In an era where bands seem to be getting louder and fuzzier, it is quite refreshing to be gifted with Helado Negro’s first record, “Awe Owe.”

Helado Negro delivers the soundtrack to late summer, with its delicately rich while still remaining subtle, Latin-inspired soundscapes.

Brooklyn-based Roberto Carlos Lange (aka Helado Negro, translation “Black Ice Cream”) has previously collaborated with a variety of visual and musical artists, including Prefuse 73, Savath & Savalas, School of Seven Bells and David Ellis. Born in Florida to Ecuadorian immigrants, Lange developed a love of music in the true American sense of a melting pot. As a child, he was exposed to hip hop’s golden age while also experiencing his father’s late-night parties filled with guitars and Latin American songs.

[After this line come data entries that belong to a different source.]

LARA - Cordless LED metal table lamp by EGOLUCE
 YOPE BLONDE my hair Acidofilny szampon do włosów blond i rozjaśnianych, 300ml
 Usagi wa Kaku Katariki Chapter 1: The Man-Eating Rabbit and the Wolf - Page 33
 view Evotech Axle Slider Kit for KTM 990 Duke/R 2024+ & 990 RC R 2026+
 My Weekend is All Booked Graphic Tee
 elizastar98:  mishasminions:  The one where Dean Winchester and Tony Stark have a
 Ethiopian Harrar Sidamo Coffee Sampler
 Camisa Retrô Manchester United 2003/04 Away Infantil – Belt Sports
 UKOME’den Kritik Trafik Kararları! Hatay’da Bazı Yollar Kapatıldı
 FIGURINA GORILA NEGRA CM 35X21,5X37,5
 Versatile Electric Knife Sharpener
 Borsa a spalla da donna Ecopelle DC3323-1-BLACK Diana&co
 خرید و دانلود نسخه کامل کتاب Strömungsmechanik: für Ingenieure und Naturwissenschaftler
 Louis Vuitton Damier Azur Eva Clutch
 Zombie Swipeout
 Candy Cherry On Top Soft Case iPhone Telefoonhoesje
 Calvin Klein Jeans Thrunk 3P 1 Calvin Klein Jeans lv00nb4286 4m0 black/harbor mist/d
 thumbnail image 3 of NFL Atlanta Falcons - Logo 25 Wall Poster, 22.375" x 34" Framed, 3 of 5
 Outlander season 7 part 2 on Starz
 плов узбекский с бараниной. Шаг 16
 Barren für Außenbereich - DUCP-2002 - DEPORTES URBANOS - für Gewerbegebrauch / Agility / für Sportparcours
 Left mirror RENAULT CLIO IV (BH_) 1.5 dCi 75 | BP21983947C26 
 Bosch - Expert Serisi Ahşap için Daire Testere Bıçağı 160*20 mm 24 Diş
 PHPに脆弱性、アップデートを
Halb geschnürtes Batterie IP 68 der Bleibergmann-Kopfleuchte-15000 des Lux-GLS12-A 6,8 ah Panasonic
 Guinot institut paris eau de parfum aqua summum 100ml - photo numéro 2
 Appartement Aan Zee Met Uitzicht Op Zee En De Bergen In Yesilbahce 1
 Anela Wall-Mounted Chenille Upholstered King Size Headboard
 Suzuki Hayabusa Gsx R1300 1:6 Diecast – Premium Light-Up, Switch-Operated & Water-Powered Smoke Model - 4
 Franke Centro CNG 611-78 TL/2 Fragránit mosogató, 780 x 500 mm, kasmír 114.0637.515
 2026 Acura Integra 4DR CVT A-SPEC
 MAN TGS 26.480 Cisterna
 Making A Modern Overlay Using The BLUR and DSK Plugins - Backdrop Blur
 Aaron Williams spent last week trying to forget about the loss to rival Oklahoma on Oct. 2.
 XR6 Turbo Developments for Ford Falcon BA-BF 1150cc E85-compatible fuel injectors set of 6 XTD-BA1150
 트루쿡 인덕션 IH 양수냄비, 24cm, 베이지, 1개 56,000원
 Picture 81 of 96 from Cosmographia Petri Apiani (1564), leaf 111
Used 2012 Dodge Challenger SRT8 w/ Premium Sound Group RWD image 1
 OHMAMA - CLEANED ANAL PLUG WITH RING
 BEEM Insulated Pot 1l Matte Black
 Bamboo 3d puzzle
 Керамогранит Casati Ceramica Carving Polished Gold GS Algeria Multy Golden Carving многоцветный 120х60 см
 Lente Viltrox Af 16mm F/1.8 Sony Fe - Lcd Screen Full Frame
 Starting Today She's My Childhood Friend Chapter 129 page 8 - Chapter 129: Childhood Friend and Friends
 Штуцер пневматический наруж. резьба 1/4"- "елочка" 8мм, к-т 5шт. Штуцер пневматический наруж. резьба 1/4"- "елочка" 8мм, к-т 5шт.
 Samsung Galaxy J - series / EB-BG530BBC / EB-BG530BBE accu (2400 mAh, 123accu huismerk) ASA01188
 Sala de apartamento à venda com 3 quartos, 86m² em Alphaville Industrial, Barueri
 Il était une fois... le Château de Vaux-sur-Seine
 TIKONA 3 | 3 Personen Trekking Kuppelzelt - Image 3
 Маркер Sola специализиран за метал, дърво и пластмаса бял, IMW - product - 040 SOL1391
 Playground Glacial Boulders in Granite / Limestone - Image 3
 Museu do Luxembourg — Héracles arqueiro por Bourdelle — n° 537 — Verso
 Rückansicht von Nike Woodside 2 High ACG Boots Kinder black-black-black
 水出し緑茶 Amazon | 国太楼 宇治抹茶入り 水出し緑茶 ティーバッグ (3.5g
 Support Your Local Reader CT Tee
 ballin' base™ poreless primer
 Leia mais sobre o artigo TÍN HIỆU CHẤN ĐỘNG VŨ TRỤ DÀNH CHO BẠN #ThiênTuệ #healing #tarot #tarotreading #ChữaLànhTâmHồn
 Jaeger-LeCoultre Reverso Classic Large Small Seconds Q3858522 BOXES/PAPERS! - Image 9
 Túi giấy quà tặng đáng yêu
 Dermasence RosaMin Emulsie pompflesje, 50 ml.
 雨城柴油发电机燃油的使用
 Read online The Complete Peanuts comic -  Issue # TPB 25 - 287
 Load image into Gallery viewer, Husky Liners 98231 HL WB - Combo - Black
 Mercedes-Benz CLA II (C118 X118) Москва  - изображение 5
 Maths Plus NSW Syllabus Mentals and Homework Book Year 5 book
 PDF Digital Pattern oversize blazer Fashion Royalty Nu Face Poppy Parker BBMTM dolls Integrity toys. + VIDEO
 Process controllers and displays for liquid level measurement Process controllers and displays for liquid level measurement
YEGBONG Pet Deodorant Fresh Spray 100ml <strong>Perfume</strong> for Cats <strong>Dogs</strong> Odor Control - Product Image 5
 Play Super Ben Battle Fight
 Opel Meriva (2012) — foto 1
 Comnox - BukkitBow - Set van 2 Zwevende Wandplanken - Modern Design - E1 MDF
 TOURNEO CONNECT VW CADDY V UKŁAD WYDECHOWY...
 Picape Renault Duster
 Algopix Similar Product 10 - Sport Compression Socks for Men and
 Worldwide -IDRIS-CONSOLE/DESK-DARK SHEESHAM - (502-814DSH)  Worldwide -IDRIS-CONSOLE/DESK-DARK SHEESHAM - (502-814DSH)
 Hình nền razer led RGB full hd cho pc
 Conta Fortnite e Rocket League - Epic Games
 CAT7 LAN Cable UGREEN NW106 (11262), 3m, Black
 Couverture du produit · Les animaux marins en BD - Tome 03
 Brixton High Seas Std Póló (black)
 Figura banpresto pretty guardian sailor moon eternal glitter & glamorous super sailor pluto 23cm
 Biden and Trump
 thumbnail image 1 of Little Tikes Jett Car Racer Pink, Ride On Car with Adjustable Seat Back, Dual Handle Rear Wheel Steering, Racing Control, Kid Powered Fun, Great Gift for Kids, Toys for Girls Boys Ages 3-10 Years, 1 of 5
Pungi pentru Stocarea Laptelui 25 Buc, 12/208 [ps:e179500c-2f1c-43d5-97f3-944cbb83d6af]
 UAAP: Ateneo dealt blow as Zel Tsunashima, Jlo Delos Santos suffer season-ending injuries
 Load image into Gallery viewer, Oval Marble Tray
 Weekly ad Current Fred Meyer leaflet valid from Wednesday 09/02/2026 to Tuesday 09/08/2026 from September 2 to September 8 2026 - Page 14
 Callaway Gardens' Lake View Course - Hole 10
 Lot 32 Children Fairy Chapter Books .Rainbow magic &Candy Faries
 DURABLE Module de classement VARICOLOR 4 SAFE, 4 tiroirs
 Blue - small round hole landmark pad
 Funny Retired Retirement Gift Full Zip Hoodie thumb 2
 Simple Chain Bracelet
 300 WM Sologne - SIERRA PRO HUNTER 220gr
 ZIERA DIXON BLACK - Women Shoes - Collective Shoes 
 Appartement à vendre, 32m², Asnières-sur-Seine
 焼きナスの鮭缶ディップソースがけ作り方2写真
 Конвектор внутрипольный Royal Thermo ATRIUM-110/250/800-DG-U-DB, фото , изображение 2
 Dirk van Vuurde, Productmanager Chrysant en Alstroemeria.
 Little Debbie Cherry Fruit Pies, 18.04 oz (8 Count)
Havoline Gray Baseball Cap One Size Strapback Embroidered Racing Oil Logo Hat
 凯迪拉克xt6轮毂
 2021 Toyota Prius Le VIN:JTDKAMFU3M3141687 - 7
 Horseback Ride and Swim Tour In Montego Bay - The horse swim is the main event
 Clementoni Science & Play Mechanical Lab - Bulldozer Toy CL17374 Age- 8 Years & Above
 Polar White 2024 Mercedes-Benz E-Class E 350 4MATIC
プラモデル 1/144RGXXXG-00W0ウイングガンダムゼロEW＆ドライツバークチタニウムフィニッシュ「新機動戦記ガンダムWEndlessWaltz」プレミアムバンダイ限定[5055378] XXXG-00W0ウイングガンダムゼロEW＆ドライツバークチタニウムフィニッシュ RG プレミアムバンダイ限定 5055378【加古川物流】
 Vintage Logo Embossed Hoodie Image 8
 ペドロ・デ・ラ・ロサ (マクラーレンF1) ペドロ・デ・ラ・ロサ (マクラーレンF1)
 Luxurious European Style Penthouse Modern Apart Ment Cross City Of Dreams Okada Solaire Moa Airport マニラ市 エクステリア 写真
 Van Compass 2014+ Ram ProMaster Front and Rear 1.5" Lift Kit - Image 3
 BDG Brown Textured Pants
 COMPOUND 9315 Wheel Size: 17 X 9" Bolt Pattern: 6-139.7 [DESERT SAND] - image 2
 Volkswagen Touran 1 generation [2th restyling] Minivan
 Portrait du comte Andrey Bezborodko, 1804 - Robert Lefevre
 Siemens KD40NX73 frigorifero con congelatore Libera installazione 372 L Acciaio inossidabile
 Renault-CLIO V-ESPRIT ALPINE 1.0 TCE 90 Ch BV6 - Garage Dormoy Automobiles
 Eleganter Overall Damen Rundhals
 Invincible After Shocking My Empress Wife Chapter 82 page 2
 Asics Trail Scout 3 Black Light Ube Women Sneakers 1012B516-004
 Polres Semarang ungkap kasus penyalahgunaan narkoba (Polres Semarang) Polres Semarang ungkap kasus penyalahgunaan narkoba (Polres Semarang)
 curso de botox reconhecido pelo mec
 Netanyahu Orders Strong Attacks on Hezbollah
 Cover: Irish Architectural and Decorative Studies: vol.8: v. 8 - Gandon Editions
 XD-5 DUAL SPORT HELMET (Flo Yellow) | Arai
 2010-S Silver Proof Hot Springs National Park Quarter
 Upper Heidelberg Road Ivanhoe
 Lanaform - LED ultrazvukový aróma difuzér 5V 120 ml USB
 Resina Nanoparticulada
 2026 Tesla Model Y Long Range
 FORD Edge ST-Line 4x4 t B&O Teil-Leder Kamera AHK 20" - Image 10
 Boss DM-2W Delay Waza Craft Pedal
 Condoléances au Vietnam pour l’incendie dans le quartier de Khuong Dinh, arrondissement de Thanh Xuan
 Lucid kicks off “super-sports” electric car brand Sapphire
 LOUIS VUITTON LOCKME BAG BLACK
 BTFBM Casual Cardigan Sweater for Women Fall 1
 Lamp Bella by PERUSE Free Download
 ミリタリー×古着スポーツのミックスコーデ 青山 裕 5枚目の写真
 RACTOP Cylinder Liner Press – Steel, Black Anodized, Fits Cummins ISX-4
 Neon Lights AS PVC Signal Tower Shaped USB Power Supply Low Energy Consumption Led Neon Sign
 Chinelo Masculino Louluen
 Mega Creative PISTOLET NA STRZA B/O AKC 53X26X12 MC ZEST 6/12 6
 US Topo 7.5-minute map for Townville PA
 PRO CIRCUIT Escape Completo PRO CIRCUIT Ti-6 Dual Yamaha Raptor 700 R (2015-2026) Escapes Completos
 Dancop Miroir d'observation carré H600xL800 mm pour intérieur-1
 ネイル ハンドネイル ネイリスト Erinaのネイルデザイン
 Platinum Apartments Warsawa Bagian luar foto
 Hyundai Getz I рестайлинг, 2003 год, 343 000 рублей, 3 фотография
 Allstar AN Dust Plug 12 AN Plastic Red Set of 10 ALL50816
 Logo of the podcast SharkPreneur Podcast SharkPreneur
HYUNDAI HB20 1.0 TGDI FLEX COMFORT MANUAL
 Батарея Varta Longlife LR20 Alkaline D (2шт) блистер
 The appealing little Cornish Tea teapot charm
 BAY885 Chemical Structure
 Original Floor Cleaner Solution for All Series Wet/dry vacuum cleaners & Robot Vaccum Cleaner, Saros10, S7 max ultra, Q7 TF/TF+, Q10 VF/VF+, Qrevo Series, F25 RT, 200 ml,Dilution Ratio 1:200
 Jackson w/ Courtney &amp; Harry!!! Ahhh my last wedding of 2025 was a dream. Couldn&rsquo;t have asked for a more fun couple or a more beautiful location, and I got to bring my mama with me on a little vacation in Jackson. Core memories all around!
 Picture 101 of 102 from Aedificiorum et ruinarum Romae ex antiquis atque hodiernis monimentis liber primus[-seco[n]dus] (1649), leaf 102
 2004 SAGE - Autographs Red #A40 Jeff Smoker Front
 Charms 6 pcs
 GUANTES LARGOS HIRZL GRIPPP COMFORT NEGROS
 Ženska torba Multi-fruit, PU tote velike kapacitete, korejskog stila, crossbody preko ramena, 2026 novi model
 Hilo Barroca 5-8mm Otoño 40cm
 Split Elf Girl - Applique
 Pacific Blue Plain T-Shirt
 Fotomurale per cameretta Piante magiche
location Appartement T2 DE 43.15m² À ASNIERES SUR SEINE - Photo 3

Culling from his musical upbringing and various projects with others, Lange’s newest undertaking, Helado Negro, manifested in his Brooklyn apartment with the help of various musicians and friends. “Awe Owe” is the result: a balancing act of woven samples, day-dreamy guitars, layered percussion and his breezy Spanish vocals. The percussive element is a driving force on the album — shakers, hand drums and wood blocks deliver unique highlights emerging from Latin-styled rhythms.

Perhaps what is most astonishing about “Awe Owe” is its organic, intoxicating nature. It is a unique sample-based record that provides elements of various sonic eras, from South American ’60s pop to modern indie-psychedelia. The samples are warm washes of texture coupled with Lange’s heavily reverberated singing.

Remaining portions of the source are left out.